V. STATEMENT OF THE CASE:


Years later, Alfonso S. Tan filed the SEC case questioning for the first time, the cancellation of Stock
Certificates Nos. 2 and 8. He argued that he was deprived of his shares despite the non-endorsement
or surrender of his Stock Certificate Nos. 2 and 8, was without the process contrary to the provision
of Section 63 of the Corporation Code which requires “No transfer, however, shall be valid, except
as between the parties, until the transfer is recorded to the books of the corporation so as to show
the names of the parties to the transaction, the date of the transfer, the number of the certificate or
certificates and the number of shares transferred”. That without the actual delivery and endorsement
of the certificate in question, there can be no transfer, or that such transfer is null and void.

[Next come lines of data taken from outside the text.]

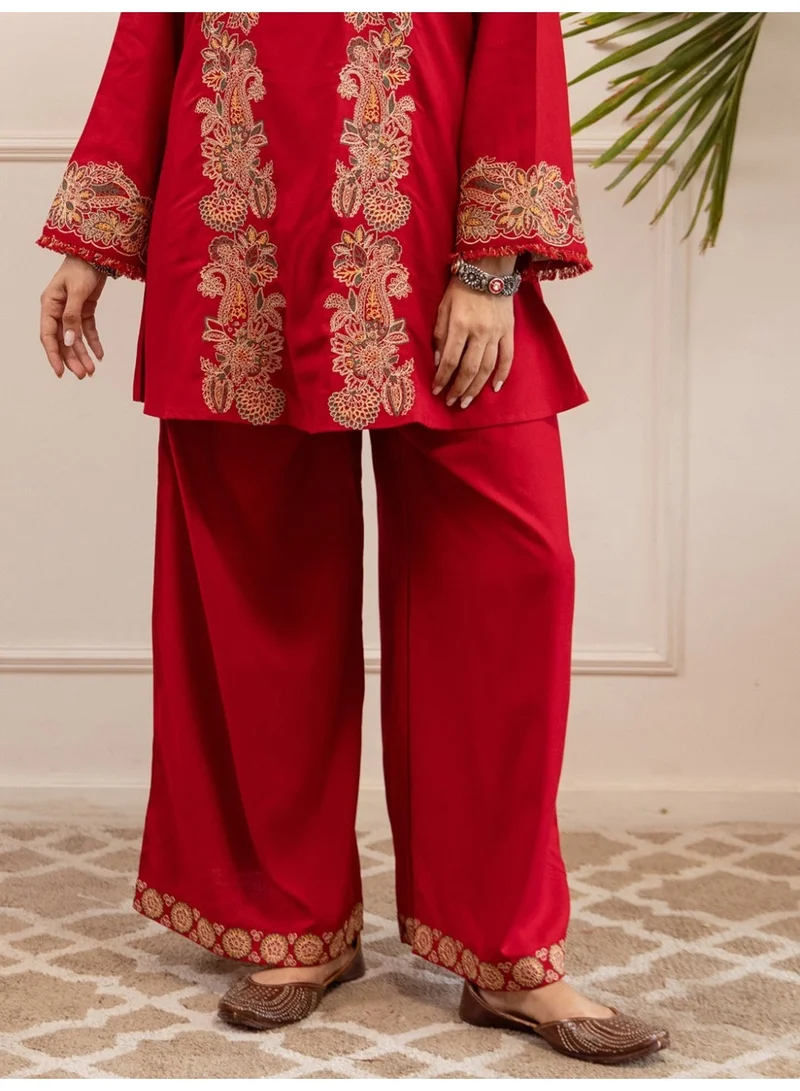 Ameya Red-embroidered-viscose-rayon-a-line-kurta-palazzo-set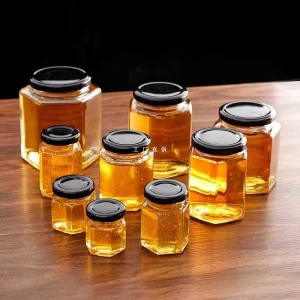Hexagon Glass Food Storage Jar with Screw Lid 45ml 85ml 180ml 280ml 380ml 500ml for Jam Honey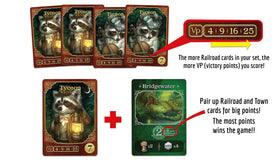 Raccoon Tycoon building tiles showcase diverse objectives for point-rich tableau.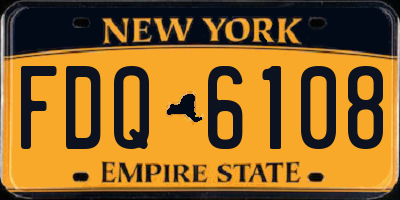 NY license plate FDQ6108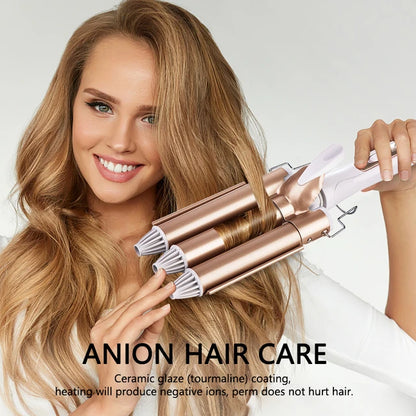 WOW WOW CURLS™ Triple Barrel Professional Curling Iron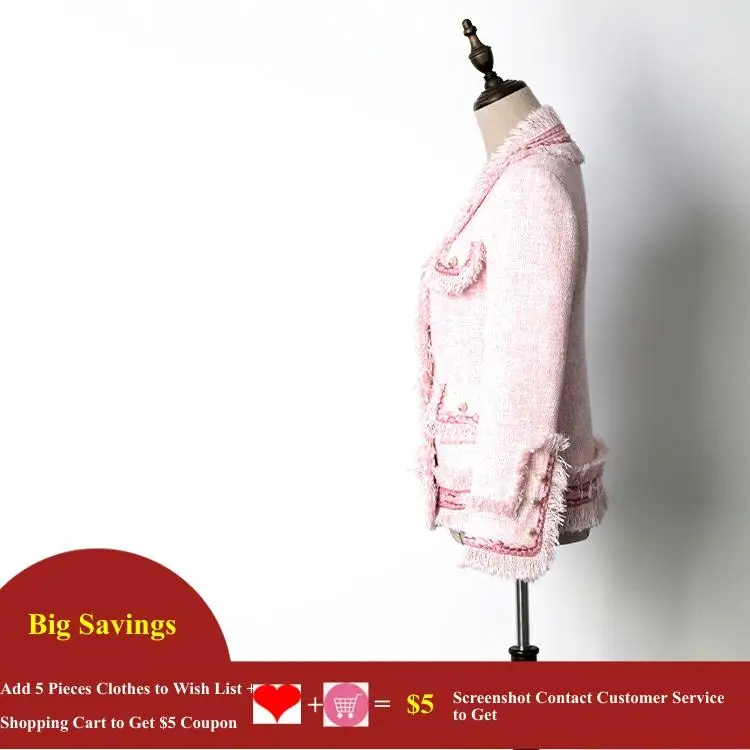 Женская твидовая куртка с кисточками и люрексом v-образный вырез осенняя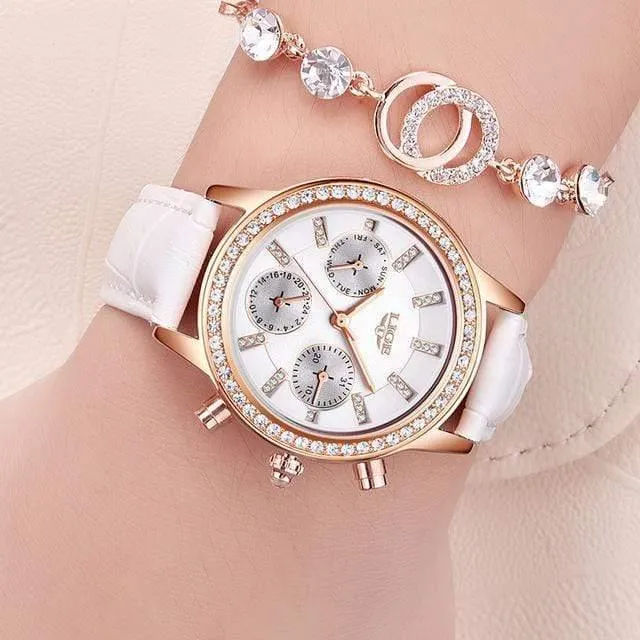 Frauen Uhren Freizeit mode Leder Quarz Damen Diamant Kleid uhr Weiblichen geschenk Relogio Feminino + Box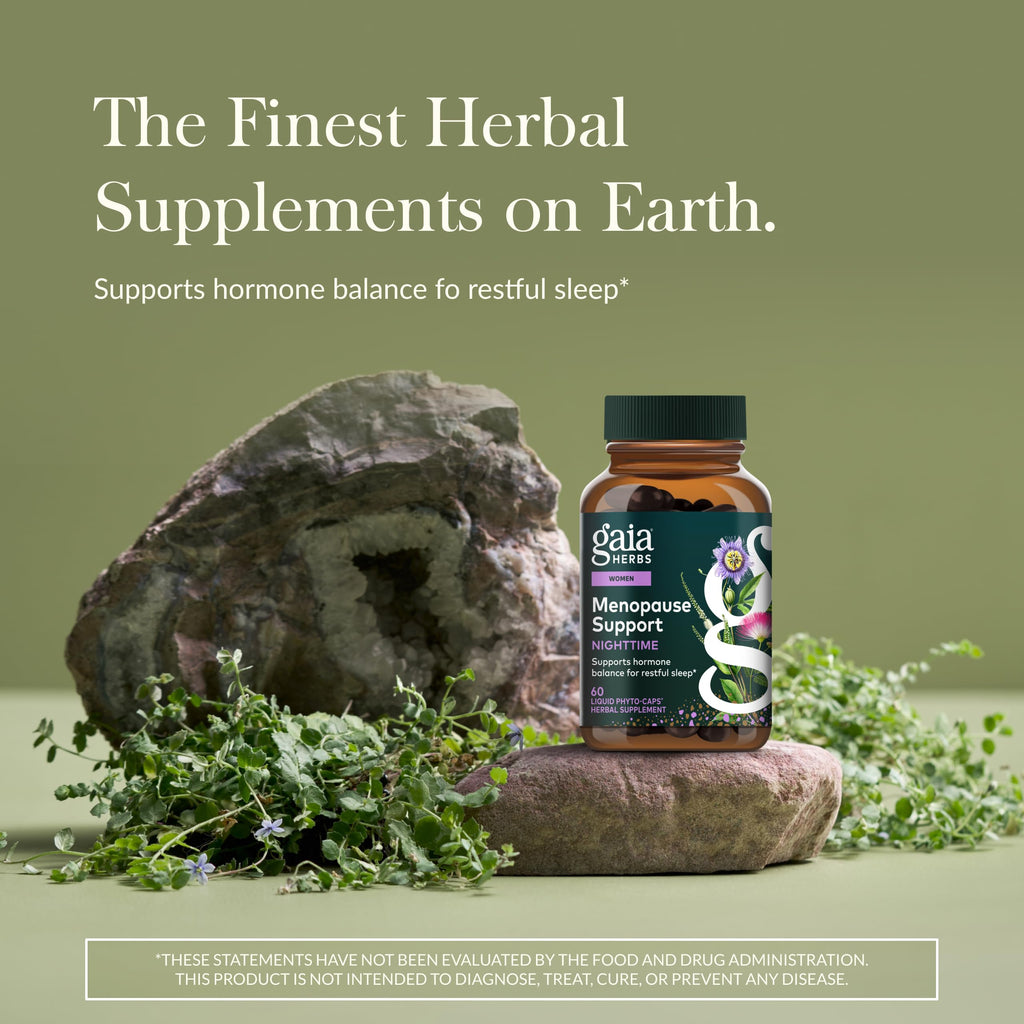 Gaia Herbs Menopause Support Nighttime - Menopause Supplement for Women* - with Black Cohosh, Mimosa, Passionflower & St. John's Wort - 60 Vegan Liquid Phyto-Caps (30 Servings) Gaia Herbs Au supplements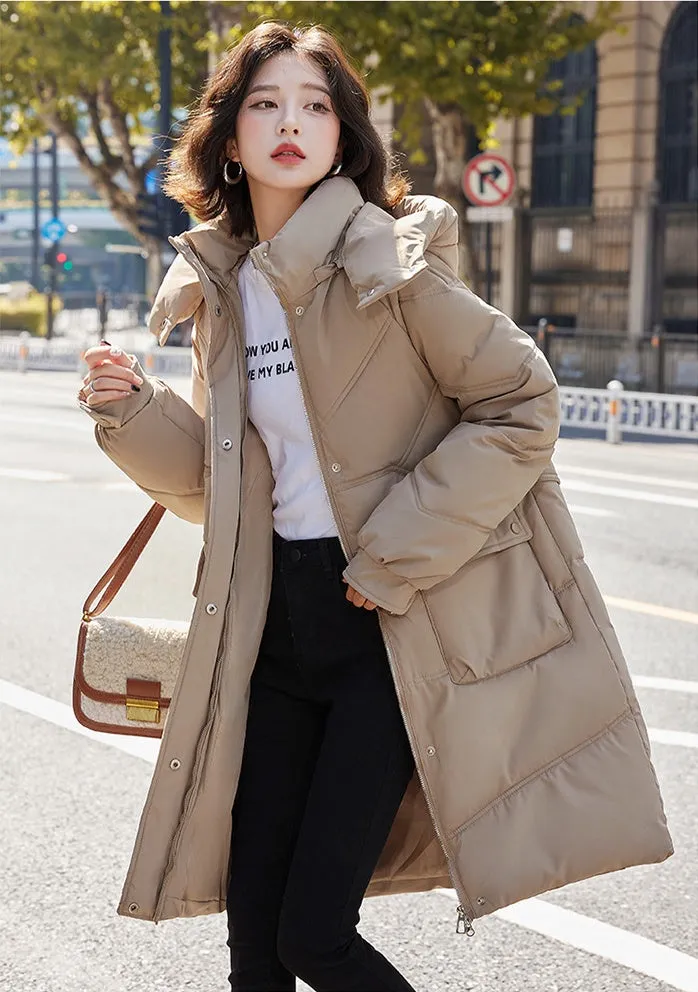 Knee-length Solid Hooded Puffer Jacket with Full Zip for Women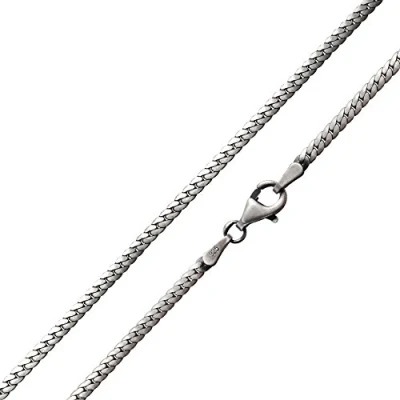 Obrázek MATERIA 925 stříbrný pancéřový řetízek pánský dámský plochý 2 mm v 40 45 50 55 60 70 cm starožitný černěný pouzdře, Kov, Bez drahokamu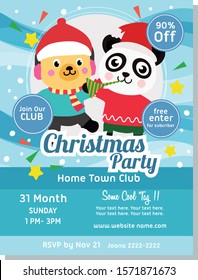 christmas poster template panda and dog decoration vector illustration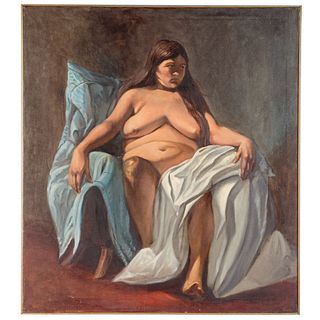 Nathaniel K. Gibbs. Seated Nude, oil
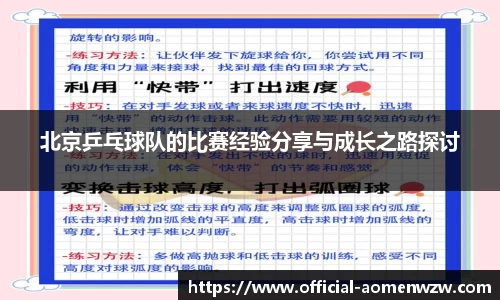 北京乒乓球队的比赛经验分享与成长之路探讨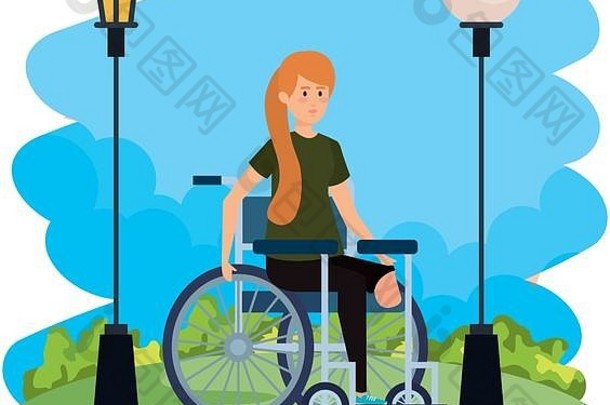 年轻的女人轮椅公园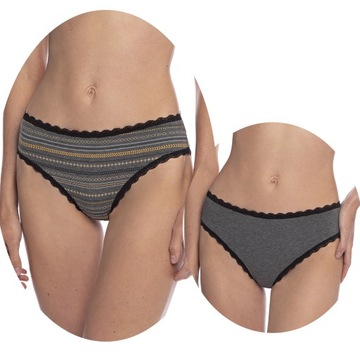 2x LAMA MAJTKI DAMSKIE BAWEŁNIANE FIGI BIKINI ROZ. 2XL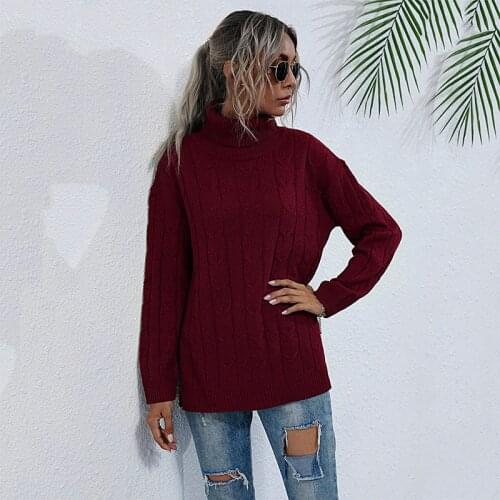 Autumn Winter Wine Red Twist Knitted Sweater Women Pullover 2020 Long Sleeve Turtleneck Sweaters Side Split Jumper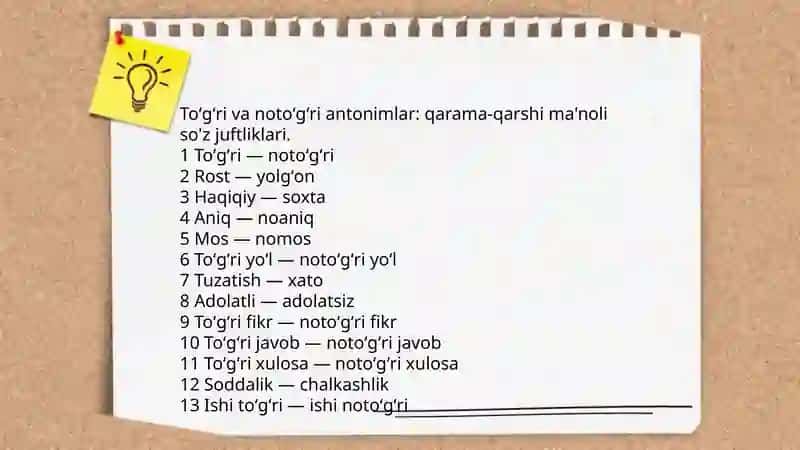Toʻgʻri soʻzining leksik maʼnosi 4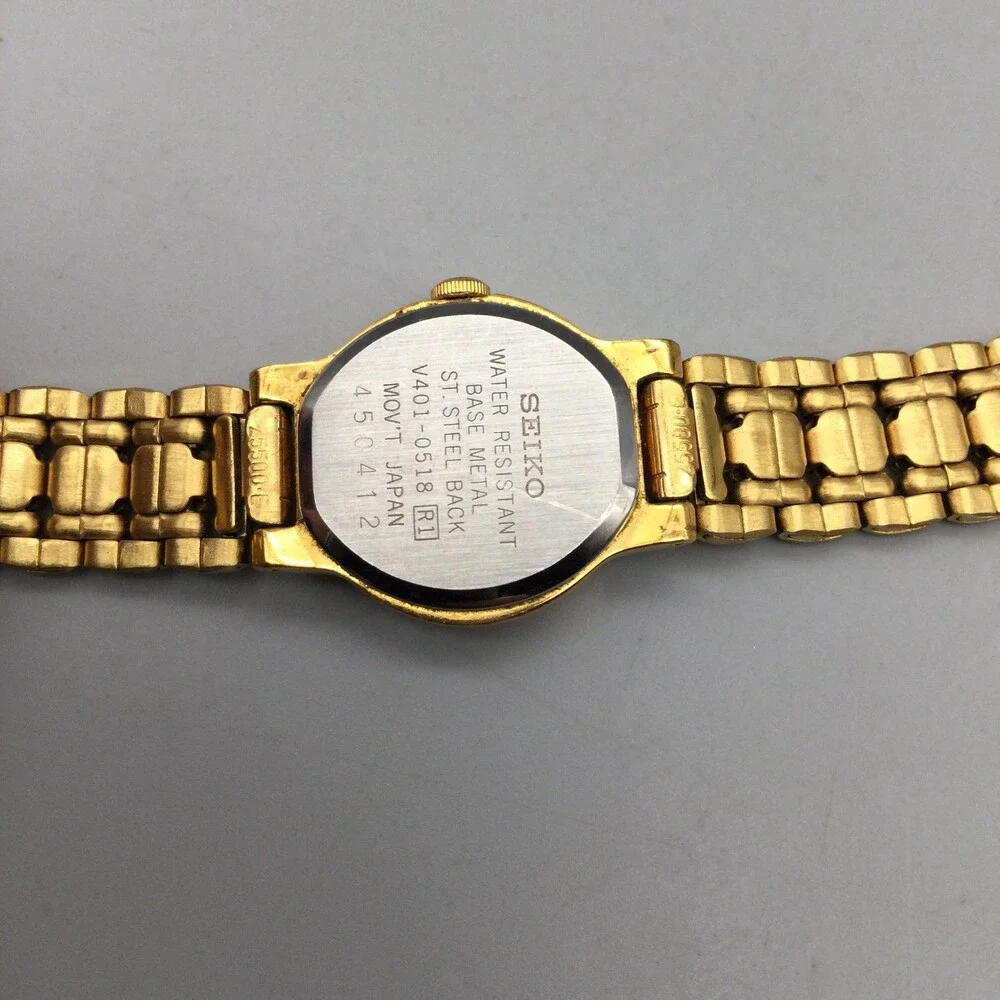 Vintage Seiko Womens Watch 18mm Black Dial Gold Tone V401-0518 New Battery 6.25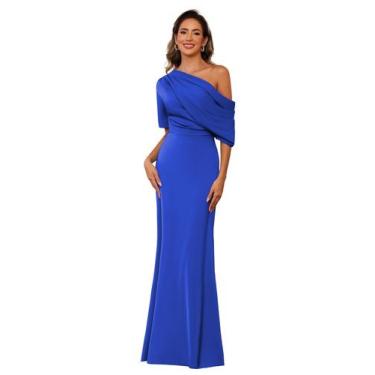 Imagem de Vestido Mãe da Noiva BITALY Ocean Blue Satin US2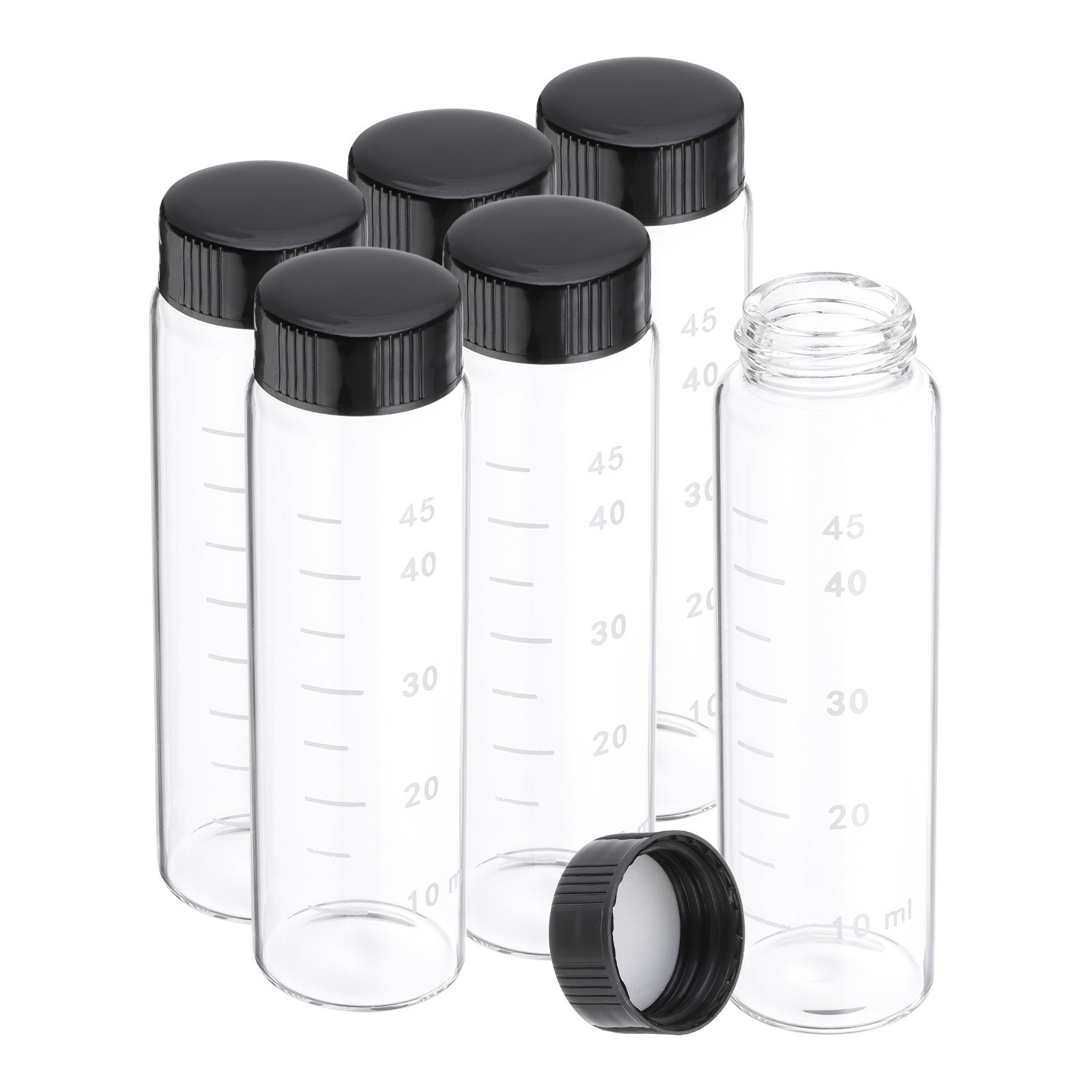 6pcs 50ml Small Clear Glass Vials with Black Screw Cap Glass Graduated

Cebu
SEC Extension Office Hearing Officer held that cancellation of the shares of stocks are null and
void. On appeal, the Securities and Exchange Commission en banc unanimously overturned the
decision of the Hearing Officer.

VI. ISSUE:
Whether or not the cancellation of Stock Certificate No. 2 and the subsequent issuance of
Stock Certificate Number 8 were null and void because of the non-endorsement of Stock
Certificate No. 2 by Alfonso Tan.
VII. RULING:
No. The cancellation and the transfers of stock were valid. There was a delivery of Stock Certificate
No. 2 made by Alfonso to the corporation before it was replaced with Stock Certificate No. 6 for 50
shares to Angel Tan and Stock Certificate No. 8 for 350 shares to Alfonso. Since the certificate was
already cancelled which cancellation was also reported to the respondent Commission, there was no
necessity for the same certificate to be endorsed by the Alfonso. All the acts required for the
transferee to exercise its rights over the acquired stocks were attendant and even the corporation was
protected from other parties, considering that said transfer was earlier recorded or registered in the
corporate stock and transfer book. Furthermore, it is necessary to delineate the function of the stock
itself form the actual delivery or endorsement of the certificate of stock itself because a certificate of
stock is not necessary to render one a stockholder in a corporation. The certificate is not stock in
the corporation but is merely evidence of the holder’s interest and status in the corporation, his
ownership of the share represented thereby, but is not in law the equivalent of such ownership. It
expresses the contract between the corporation and the stockholder, but is not essential to the
existence of a share in stock or the nation of the relation of the shareholder to the corporation. The
fact of the matter is, the new holder, Angel S. Tan has already exercised his rights and prerogatives
as stockholder and was even elected as member of the board of directors in the respondent
corporation with the full knowledge and acquiescence of Alfonso. Due to the transfer of 50 shares,
Angel S. Tan was clothed with rights and responsibilities in the board of the respondent corporation
when he was elected as officer thereof.

VIII. DISPOSITIVE PORTION:


WHEREFORE, in view of the foregoing, the Order of the Commission under SEC-AC No. 263
dated October 10, 1990 is hereby AFFIRMED but modified with respect to the "nullity of the sale
of 350 shares represented under stock certification No. 8, pursuant to the "in pari delicto" doctrine.
The court holds that the conversion of the 350 shares with a par value of only P35,000.00 at P100.00
per share into treasury stocks after petitioner exchanged them with P2,000,000.00 worth of stocks-
in-trade of the corporation, is valid and lawful. With regard to the damages being claimed by the
petitioner, the respondent Commission is not empowered to award such, other than the imposition
of fine and imprisonment under Section 56 of the Corporation Code of the Philippines, as amended.